**DATA EXCERPTS**
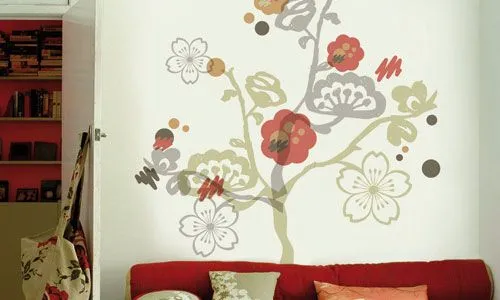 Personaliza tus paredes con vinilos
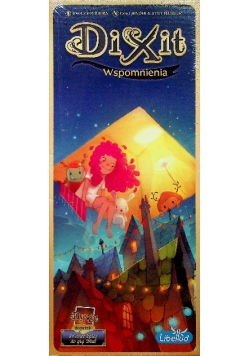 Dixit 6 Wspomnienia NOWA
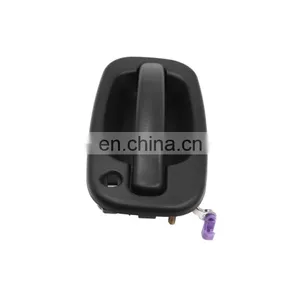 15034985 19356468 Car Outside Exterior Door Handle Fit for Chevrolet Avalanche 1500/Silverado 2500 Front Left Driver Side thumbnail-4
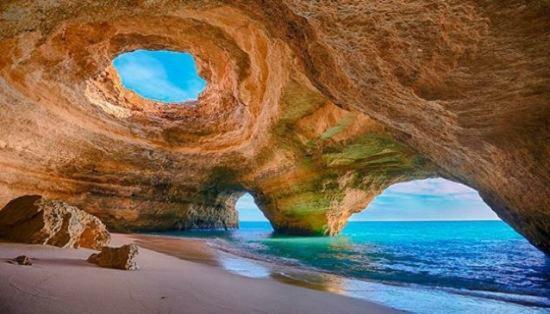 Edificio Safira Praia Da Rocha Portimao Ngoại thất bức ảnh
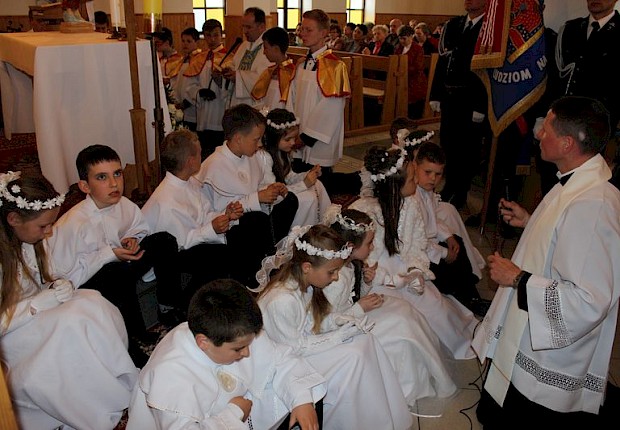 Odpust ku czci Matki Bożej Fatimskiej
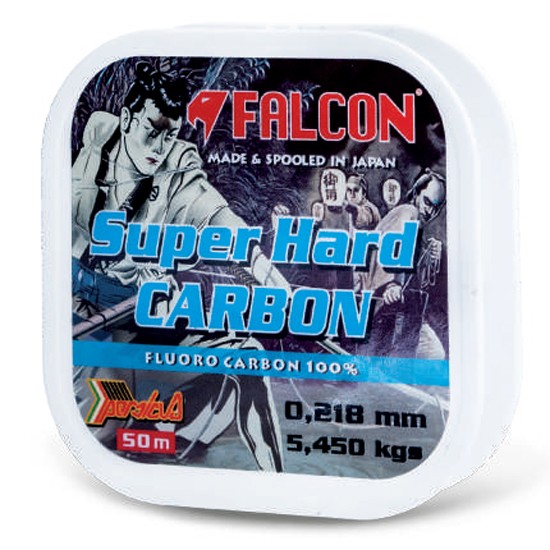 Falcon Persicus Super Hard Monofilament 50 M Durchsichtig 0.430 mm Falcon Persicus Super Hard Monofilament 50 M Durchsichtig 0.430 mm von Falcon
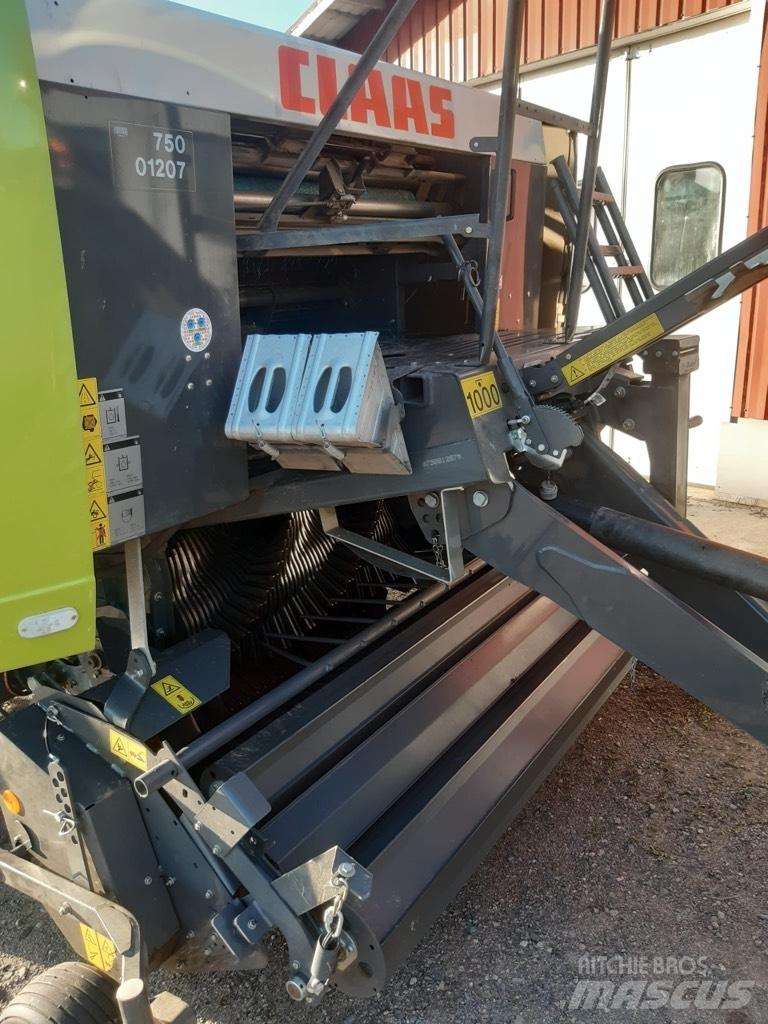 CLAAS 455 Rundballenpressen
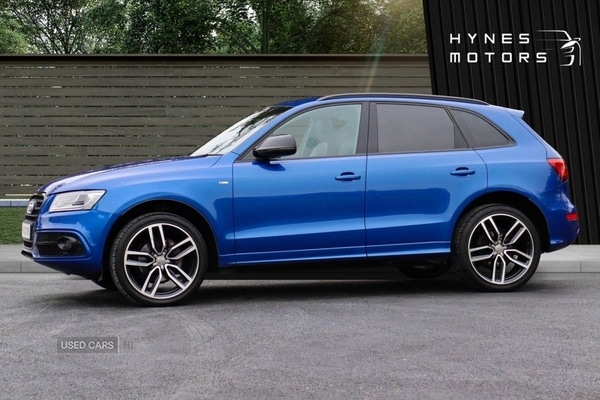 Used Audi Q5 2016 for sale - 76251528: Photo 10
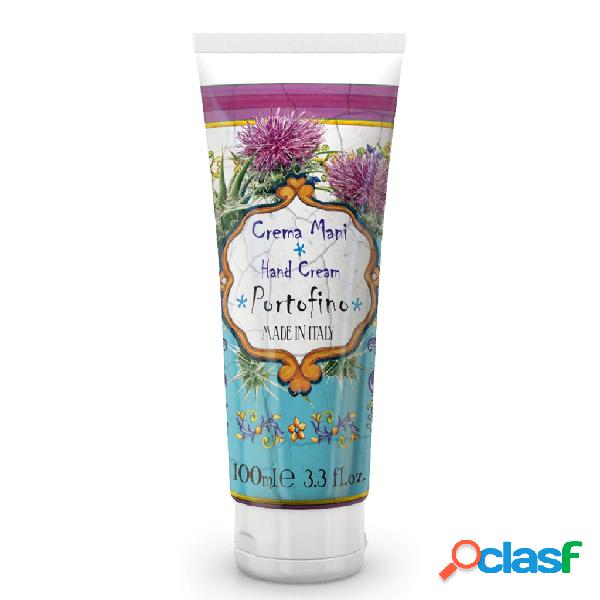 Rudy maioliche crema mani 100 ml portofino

**WORK REQUEST**
Transcribe word for word only the lines from the one with "mm von Falcon" through the end of the listing; every picture is to be omitted.

**ANSWER BOX**
 Falcon Persicus Super Hard Monofilament 50 M Durchsichtig 0.430 mm Falcon Persicus Super Hard Monofilament 50 M Durchsichtig 0.430 mm von Falcon
 CLAAS 455 Rundballenpressen
 Used Audi Q5 2016 for sale - 76251528: Photo 10
 Rudy maioliche crema mani 100 ml portofino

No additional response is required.